The agency that allowed hackers linked to China to steal private facts about almost each and every federal employee — and detailed personal histories of millions with safety clearances — failed for years to take standard actions to safe its computer networks, officials acknowledged to Congress on Tuesday.
Democrats and Republicans on the Residence Oversight and Government Reform Committee spoke in unison to describe their outrage over what they called gross negligence by the Workplace of Personnel Management. The agency’s information was breached last year in two massive cyberattacks only lately revealed.
The criticism came from within, as nicely. Michael Esser, the agency’s assistant inspector general for audit, detailed a yearslong failure by OPM to adhere to affordable cybersecurity practices, and he said that that for a extended time, the people operating the agency’s information technology had no knowledge.
Final year, he mentioned, an inspector general’s audit advisable that the agency shut down some of its networks for the reason that they were so vulnerable. The director, Katherine Archuleta, declined, saying it would interfere with the agency’s mission.
The hackers were already inside her networks, she later acknowledged.
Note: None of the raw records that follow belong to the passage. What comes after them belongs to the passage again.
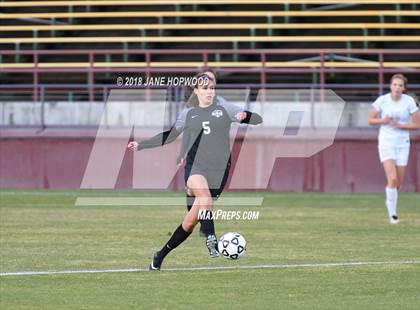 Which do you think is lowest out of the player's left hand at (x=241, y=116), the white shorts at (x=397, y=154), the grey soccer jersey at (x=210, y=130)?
the white shorts at (x=397, y=154)

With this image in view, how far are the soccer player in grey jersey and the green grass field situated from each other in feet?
1.41

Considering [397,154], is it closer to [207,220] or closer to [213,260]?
[213,260]

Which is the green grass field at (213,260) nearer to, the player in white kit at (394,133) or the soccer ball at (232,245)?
the soccer ball at (232,245)

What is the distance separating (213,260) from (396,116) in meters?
5.44

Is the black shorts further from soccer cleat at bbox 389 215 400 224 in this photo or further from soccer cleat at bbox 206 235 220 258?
soccer cleat at bbox 389 215 400 224

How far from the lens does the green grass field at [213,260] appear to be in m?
9.12

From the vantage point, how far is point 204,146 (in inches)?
455

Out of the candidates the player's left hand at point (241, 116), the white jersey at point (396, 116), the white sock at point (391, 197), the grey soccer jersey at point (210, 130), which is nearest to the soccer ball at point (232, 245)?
the grey soccer jersey at point (210, 130)

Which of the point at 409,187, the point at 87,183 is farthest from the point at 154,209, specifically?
the point at 409,187

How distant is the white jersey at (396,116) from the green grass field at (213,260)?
1.17 meters

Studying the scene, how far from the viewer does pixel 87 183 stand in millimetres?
23703

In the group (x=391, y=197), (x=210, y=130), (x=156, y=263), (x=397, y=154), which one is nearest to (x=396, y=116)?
(x=397, y=154)

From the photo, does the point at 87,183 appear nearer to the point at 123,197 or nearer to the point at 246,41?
the point at 123,197

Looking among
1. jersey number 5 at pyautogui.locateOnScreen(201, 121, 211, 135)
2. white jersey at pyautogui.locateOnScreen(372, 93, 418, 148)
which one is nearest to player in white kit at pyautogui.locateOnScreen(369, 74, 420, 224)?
white jersey at pyautogui.locateOnScreen(372, 93, 418, 148) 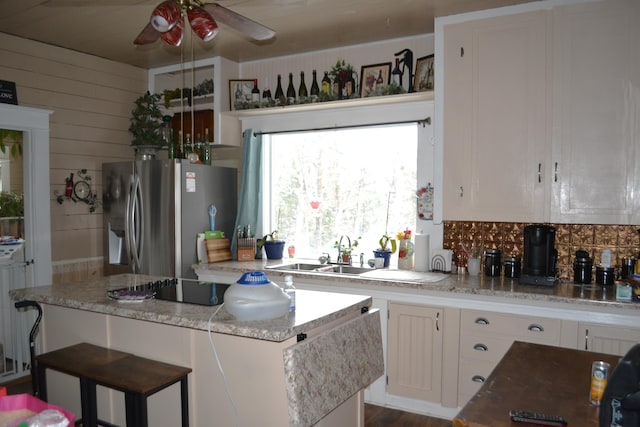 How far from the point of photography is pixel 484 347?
9.77 ft

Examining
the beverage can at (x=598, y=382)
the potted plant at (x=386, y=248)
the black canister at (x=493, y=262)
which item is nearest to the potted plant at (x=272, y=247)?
the potted plant at (x=386, y=248)

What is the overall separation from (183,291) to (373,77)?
2339mm

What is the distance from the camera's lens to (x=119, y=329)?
2373mm

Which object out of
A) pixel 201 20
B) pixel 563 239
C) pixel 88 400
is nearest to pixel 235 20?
pixel 201 20

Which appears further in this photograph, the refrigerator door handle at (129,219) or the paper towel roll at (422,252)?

“You failed utterly and completely,” mentioned committee Chairman Jason Chaffetz, a Utah Republican. “They advised it was so poor that you shut it down and you did not.”
Archuleta, stumbling occasionally beneath withering concerns from lawmakers, sought to defend her tenure and portray the agency’s issues as decades in the creating as its gear aged. She appeared to cast blame on her recent predecessors, one particular of whom, John Berry, is the U.S. ambassador to Australia.
Offered probabilities to apologize and resign, she declined to do either.
Chaffetz stated the two breaches “may be the most devastating cyberattack in our nation’s history,” and mentioned OPM’s security policy was akin to leaving its doors and windows unlocked and expecting nothing at all to be stolen.
“I am as distressed as you are about how long these systems have gone neglected,” Archuleta mentioned, adding at a further point, “The entire of government is responsible and it will take all of us to resolve the concern.”
Archuleta and the other witnesses provided handful of new facts about the breaches in the public hearing, deferring most queries about methods and harm to a later, classified session.
Just after that session, Rep. Elijah Cummings of Maryland, the committee’s ranking Democrat, demanded that the committee hear testimony from two OPM contractors, KeyPoint and USIS, that fell victim to hacks last year. Earlier, Cummings and other lawmakers questioned irrespective of whether the OPM network was compromised first by way of hacking of the contractors, and OPM officials declined to answer.
Through the open hearing, Donna Seymour, the agency’s chief information officer, confirmed that personnel info on 4.2 million existing and former federal workers had been stolen, not just accessed.
The quantity of security clearance holders whose information has been taken is not but known, she mentioned. But the records go back to 1985 and incorporate contractors as properly as federal staff. Some government officials estimate the quantity could be up to 14 million.
And due to the fact their safety clearance applications contain individual facts about close friends and family members, these people’s data is vulnerable as effectively.